Isabela Merced en tête d’affiche du film « The House of the Dead »
Paul W.S. Anderson réinvente le jeu d’arcade horrifique de Sega en survival en temps réel, vitrine d’une potentielle nouvelle saga de zombies.
Résumé
- Isabela Merced a été choisie pour porter une nouvelle adaptation cinématographique de la franchise de shooter de zombies culte de Sega, The House of the Dead, avec Paul W.S. Anderson au scénario et à la réalisation.
- Sega positionne le projet comme une priorité absolue et un possible lancement de franchise, avec l’ambition de proposer une expérience de survival horror immersive, en temps réel, offrant une relecture inédite de ce classique des bornes d’arcade.
- Le film s’inscrit dans la stratégie plus large de Sega sur le terrain du cinéma et des séries après le succès des films Sonic the Hedgehog, tout en capitalisant sur l’aura grandissante de Merced dans le genre, de The Last of Us à Superman en passant par Alien: Romulus.
The House of the Dead est officiellement de retour d’outre-tombe, cette fois comme vitrine de survival horror sur grand écran menée par Isabela Merced.

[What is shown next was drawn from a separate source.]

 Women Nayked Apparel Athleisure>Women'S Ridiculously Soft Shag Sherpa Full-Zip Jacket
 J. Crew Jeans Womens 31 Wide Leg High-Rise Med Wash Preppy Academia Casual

La star de The Last of Us, Superman et Alien: Romulus sera en tête d’affiche et productrice exécutive de la nouvelle adaptation cinématographique de la franchise de shooter de zombies culte de Sega, The House of the Dead, qui transpose ce classique du light-gun signé Sega en 1997 dans un écrin ciné contemporain piloté par l’architecte de Resident Evil, Paul W.S. Anderson. Deadline révèle qu’Anderson signe le scénario, la réalisation et la production, retrouvant son complice de longue date Jeremy Bolt, aux côtés du producteur Sega Toru Nakahara et de l’équipe de Story Kitchen.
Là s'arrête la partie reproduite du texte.